10 juli 2018

Fashion & Art: Jacket with embroidered face by Jean-Charles de Castelbajac

While surfing this morning on internet I found this beautiful jacket with embroidered face. It's a design by fashion designer Jean-Charles de Castelbajac. Love his creative and artistic work. Be Inspired ........
More about the fashion designer Jean-Charles de Castelbajac

Fashion designer Jean-Charles de Castelbajac was born on November 28 1949 in Casablanca, Morocco. In 1986, after graduating from l'Ecole des Beaux-Arts and l'Ecole Supérieure des Industries du Vêtement, he began work on his own women's ready-to-wear line under the brand lead by his mother, Ko and Co. He launched his first collection in 1970, which took the fashion world by storm and included a coat cut from a blanket, which remains a fashion legend to this day. Two years later, he joined the Créateurs & Industriels group and opened his first boutique on Place du Marché Saint-Honoré in Paris. Quickly making a name for himself with creations such as the poncho for two, an Astro-Turf body-warmer, the teddy bear jacket and an anorak made of multi colored feathers, Jean-Charles de Castelbajac is now renowned for injecting playful childhood themes and Pop Art styles into his work, reflected in his collaborations with art and music icons of the 1970s, which featured work from artists such as Andy Warhol, the Sex PistolsTakashi Kenzo and Raoul Haussman.

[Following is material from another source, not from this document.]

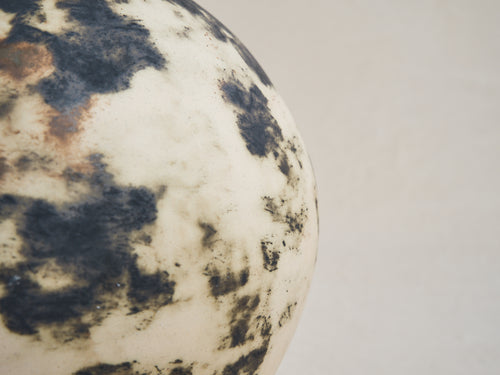 KATAYONE ADELI STAINED LARGE VESSEL Ø15.5" x H14.5"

Alongside his own line, he collaborated on designs for Max Mara's Sportmax range and a women's ready-to-wear collection for the brand Iceberg in 1976. Jean-Charles de Castelbajac founded his own eponymous label in 1978, launching a menswear line and his first fragrance, Première, in 1980. From 1982, he began to collaborate with contemporary artists including Jean-Charles Blais, Robert Combas, Loulou Picasso, Ben, Annette Messager, Gérard Garouste, Hervé Di Rosa and Miquel Barcelo to create his painting dresses, which transformed clothing into works of art and were put on show all over the world in the early 1980s. In 1985, Jean-Charles de Castelbajac became the first fashion designer to ever be invited to show at the Museum of Modern Art in Troyes. In 1986, he was the subject of an exhibition at the Fashion Institute of Technology in New York, which was followed by another exhibition in his honor named Antikörper at Vienna's Academy of Applied Arts, where he taught fashion from 1985.

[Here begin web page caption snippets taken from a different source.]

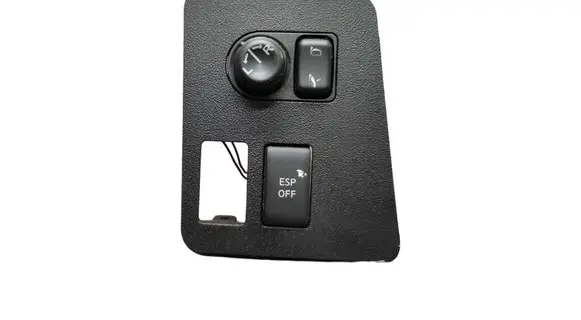 Nissan Qashqai ESP (stability program) switch 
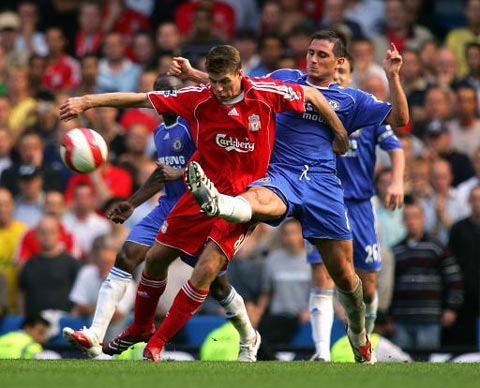 相比之下 相比之下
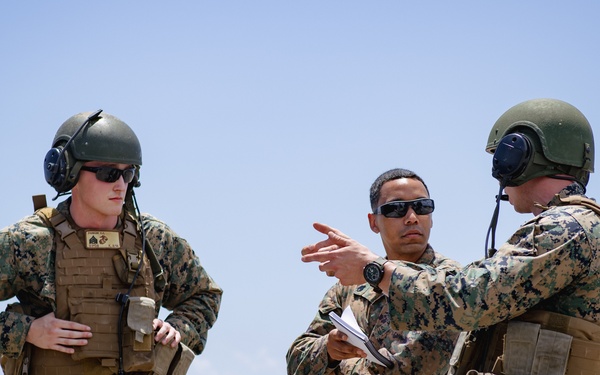 USAF, USMC conduct HIMARS loads during Emerald Warrior 22.1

In the 1990s, Jean-Charles de Castelbajac expanded his work, designing the credits for television channels and participating in many collaborations with the brand Courrèges. In 1997, he designed the ecclesiastical chasuble embroidered with a multicolored cross which was worn by Pope Jean Paul II during World Youth Day. The designer presented his first and only, haute couture collection entitled Bellintelligentzia in 2000, before releasing the brand's second perfume, Doudou, the year after. In 2006 and 2008, two retrospectives of his work were unveiled, the first at the Victoria & Albert Museum in London, and the second in Paris' Musée de la Mode, under the title Gallierock. In 2009, the designer launched a diffusion line, JC/DC which draws inspiration from cartoons and comic strips.